What we suggest: (we might be wrong)

  • We found that there are so many options in the countries, we like it. But we would suggest to add another filter, such as continent. For the purpose of this dashboard, if I really want to compare one county with some other countries together(as benchmark), then I cannot do that. All I can do is select them one by one and then drop them one by one. Also I select more than 5 countries, the app becomes overwhelming quickly.
  • We also noticed that for the contribution plots, there is no y-axis scales for the plots on the right hand side. Initially, I assume they have the same scale as the plots on the left. But after careful comparison, I do not think this is how it works, at least from an audience perspective. Because the white grid lines are not aligned. Maybe it worth to add the scales of the y-axis for all plots to avoid confusion.
  • I am using the mac laptop with full screen.

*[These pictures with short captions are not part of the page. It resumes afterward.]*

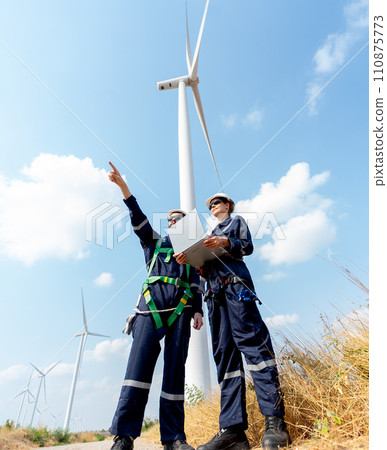 Vertical image of professional worker woman hold laptop and stand with her co-worker man point forward and they stand in front of wind turbine or windmill in the field for power plant business. Vertical image of professional worker woman hold laptop and stand with her co-worker man point forward and they stand in front of wind turbine or windmill in the field for power plant business. 110875773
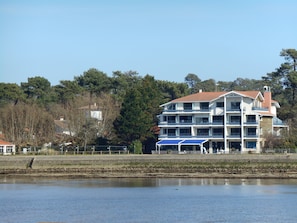 Un hotel de varios pisos con balcones, situado cerca del agua.
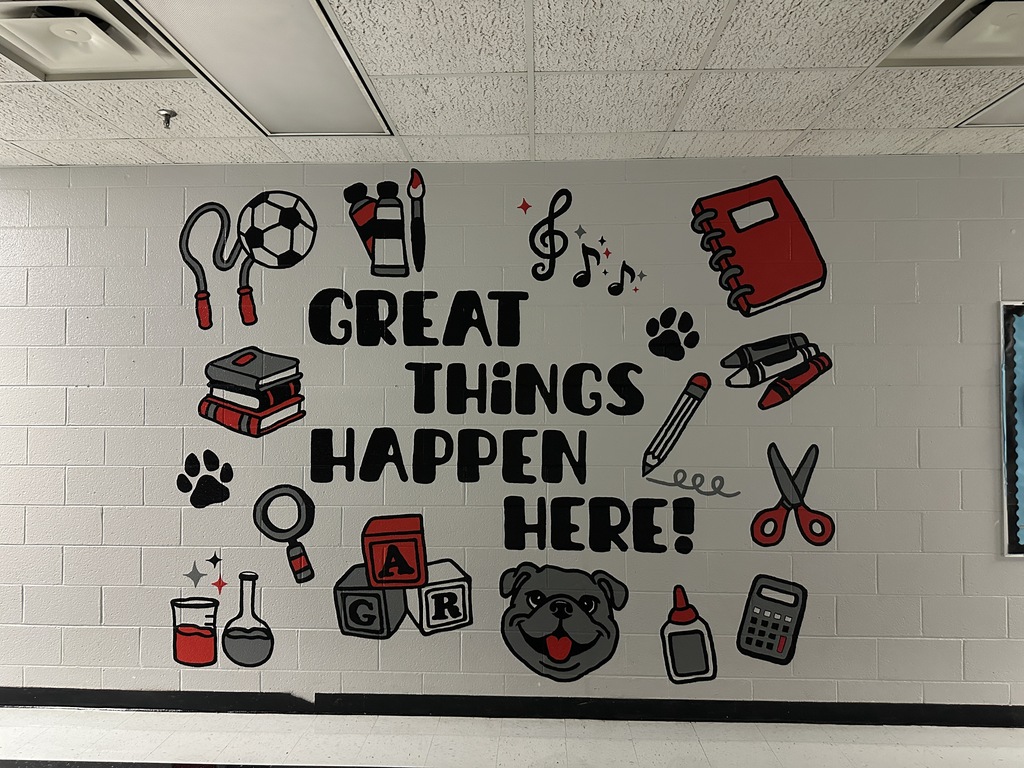 A picture of the final product with a mural saying great things happen here with school themed items accompanying the text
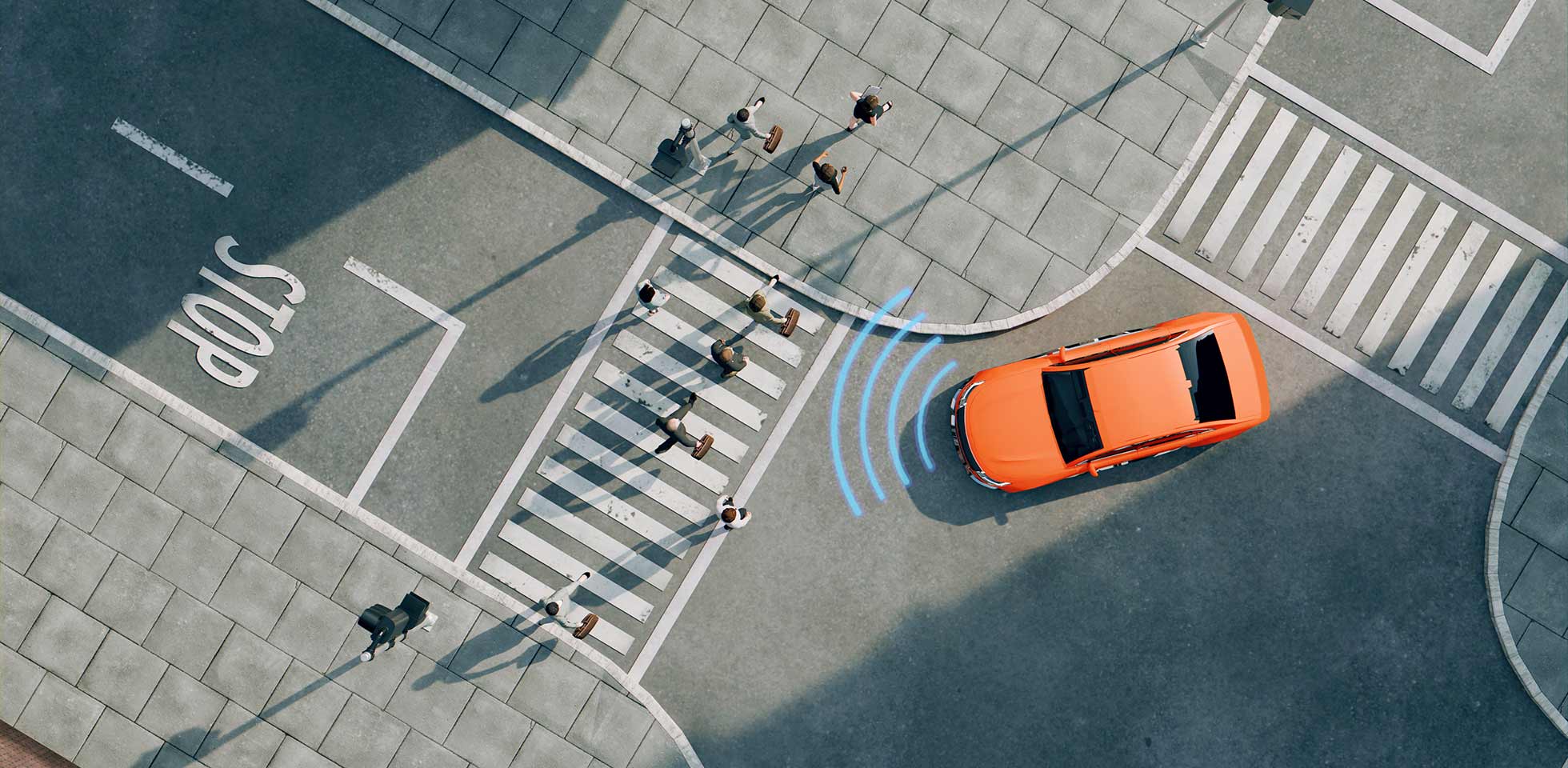 luftaufnahme eines leuchtend orangefarbenen autos,  auf einer straße fährt. das auto steht neben einem fußgängerüberweg  vor einer haltelinie  dem auf  straße gemalten wort „stop“. das auto verwendet sensoren  radar, um  fußgänger zu erkennen. konzept einer neuen autotechnologie  dem autonomen fahren. symbolbild verkehrsdaten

I found out that if I select all the contribution plots, the titles and the axes of those plots will all overlap together. Maybe it's because there are so many plots on the same screen. Maybe try to combine two relatively unimportant factor together.
  • Maybe add a card or some other plot types in the app. Currently they are all line charts.(But still very clear!)

Overall, we think your group did a amazing job in designing the dashboard! Hope our suggestions can help in your Milestone4. Have a great weekend!

Milestone 2 Feedback

Marking:
-0.5 Interactive Dash app in Python and Altair: Quality. The plots can be displayed differently.

Suggestions:
Great job! It looks very clean, and I like that you guys used Ploty. One minor flaw that Ploty might have is the ability for individuals to click away at the graph and completely miss the years that the data is recorded/displayed. Great use of space! The data displayed is very informative, and it’s clear to see that you guys put thought in what data to show. One of my biggest suggestions would be to remember that there can be other ways to display the data, and I believe is it a criterion to use more than 1 type of graph for the final product. In addition to this, to add to the complexity, I would suggest that instead of drop-down bar, it would be wise to in-cooperate something like a global map in which when a country is clicked, it’s data could be shown on the graphs. Great job on the first attempt! Have a great week!

Milestone 4 Feedback

Marking:
-1 Tie it all together and deliver a production ready app: Visualizations Spacing
Suggestions:

Amazing, Great Final Work! Give yourselves a pat on the back. Some minor alignment issues. The right white space seems larger than the left side. Great job at finishing DSCI 532!

Milestone 1 Feedback

Marking
-1 missing research questions Section 3: Research questions and usage scenarios: Writing
-1 missing research questions Section 3: Research questions and usage scenarios: Reasoning

Suggestions: Overall it looks great! As we previously discussed maybe it’s a good idea to just to implement one tab for milestone 2. Even for Milestone 3 and 4 your group might need to simplify a bit, but you put some recursive code for all the line graphs. I really like that all the filters and buttons are on the left side. I don’t know what the colors would look like, but make sure they are aesthetically pleasing. Another cool idea would be to add the geography of the world, and have the numbers fit inside each country. Please add research questions in the next iteration of the proposal.